On Tuesday 06 November 2007 16:05, aglitke wrote:
> Please try this patch and see if it helps.
Tested on 2.6.22 (don't have the system with 2.6.23 at the moment) and
the testcase ran perfectly.
Thanks!
Nam
On Tue, Nov 06, 2007 at 04:06:04PM +0100, Hoang-Nam Nguyen wrote:
> Hello Roland!
> > We currently see this when testing Infiniband on ppc64 with ehca +
> > hugetlbfs.
> > From reading the code this should also be an issue on other architectures.
> > Roland, Adam, are you aware of anything in this area with mellanox
> > Infiniband cards or other usages with I/O adapters?
> Below is a testcase demonstrating this problem. You need to install
> libhugetlbfs.so and run it as below:
> HUGETLB_MORECORE=yes LD_PRELOAD=libhugetlbfs.so ./hugetlb_ibtest 100
>
> This testcase does the following steps (high level desc):
> 1. malloc two buffers each of 100MB for send and recv
> 2. register them as memory regions
> 3. create queue pair QP
> 4. send data in send buffer using QP to itself (target is then recv buffer)
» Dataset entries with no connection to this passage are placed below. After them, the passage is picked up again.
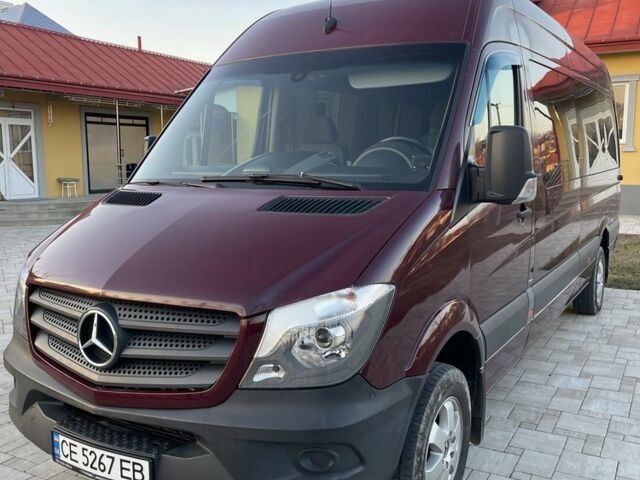 Красный Мерседес Sprinter, объемом двигателя 2.1 л и пробегом 250 тыс. км за 18200 $, фото 1 на Automoto.ua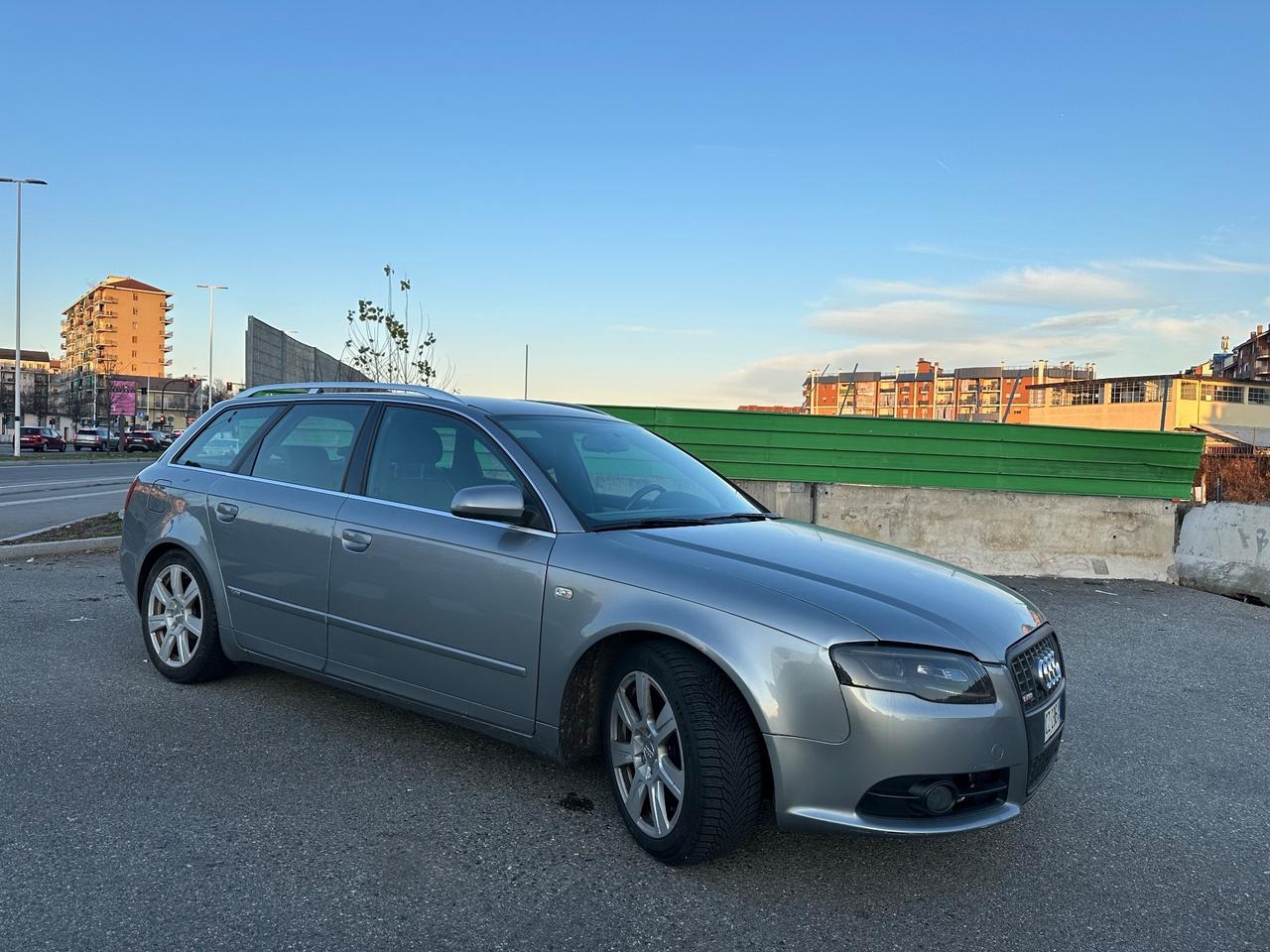 Audi A4 2.0 16V TDI s line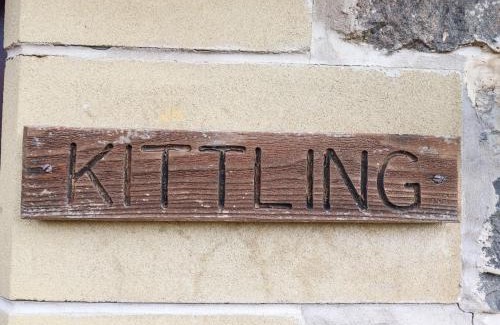 Bamburgh House | Kittling Cottage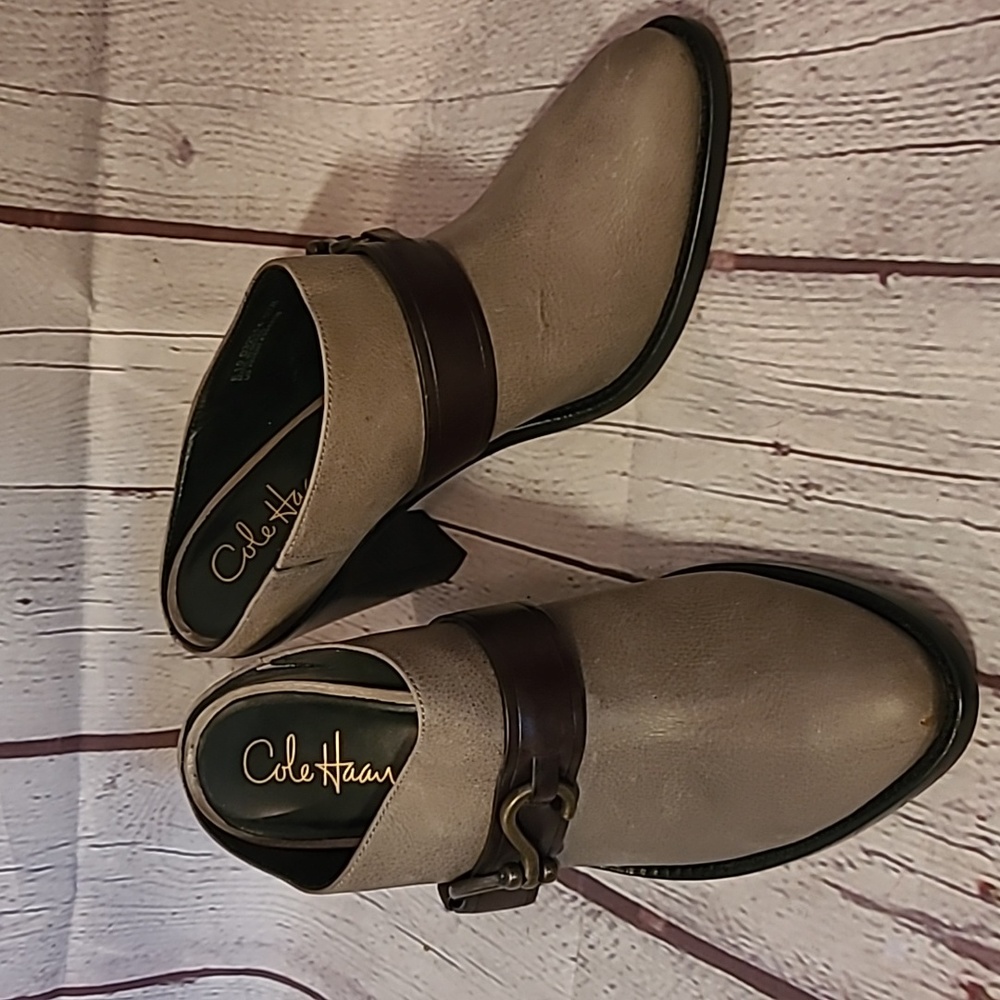 Cole Haan Size 9.5/9 Iron Gray Brazil Leather Heeled Mule Clogs Metal Accents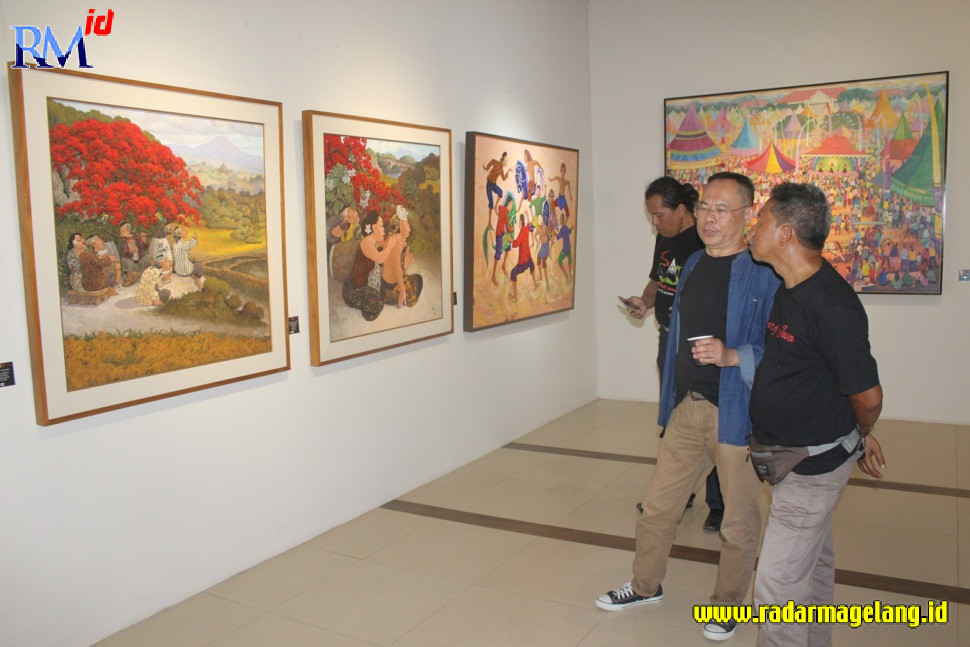 Masyarakat menyaksikan pameran di Limanjawi Art House. Pameran ini digelar hingga Minggu (8/1/2022) tahun depan. (ROFIK SYARIF G P/RADAR MAGELANG)
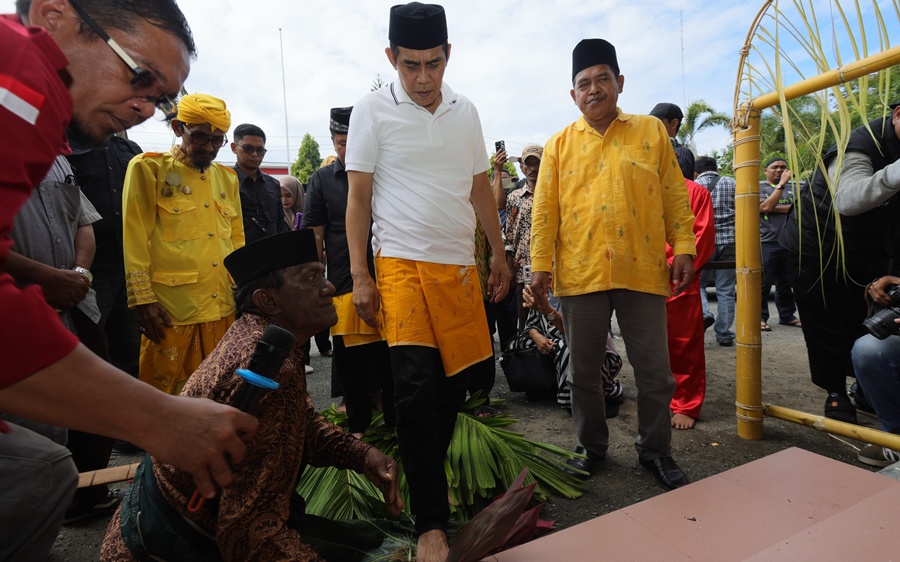 Bupati Parigi Moutong Jalani Ritual Adat Nipoisaka saat Memasuki Rumah Jabatan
> 5. compare those buffers content
>
> It runs fine without libhugetlbsf. If you call it with libhugetlbfs as
> above, step 5 will fail. If you do memset() of the buffers before step 2
> (register mr), then it runs without errors.
> It appears that hugetlb_cow() is called when first write access is performed
> after mrs have been registered. That means the testcase is seeing other pages
> than the ones registered to the adapter...
>
> I was able reproduce this with mthca on 2.6.23/ppc64 and fc6/intel.
We should cut this down to the bare necessary and fold it into the
libhugetlbfs testsuite.
--
David Gibson | I'll have my music baroque, and my code
david AT gibson.dropbear.id.au | minimalist, thank you. NOT _the_ _other_
| _way_ _around_!
http://www.ozlabs.org/~dgibson
[email protected] wrote on 06.11.2007 23:31:19:
> We should cut this down to the bare necessary and fold it into the
> libhugetlbfs testsuite.
Well, this testcase is already pretty close to the bare minimum
what's needed to run IB/RDMA queues.
You can compare this to for example ibv_rc_pingpong in libibverbs...
Maybe it's possible to test this with anything else than IB?
> --
Gruss / Regards
Christoph R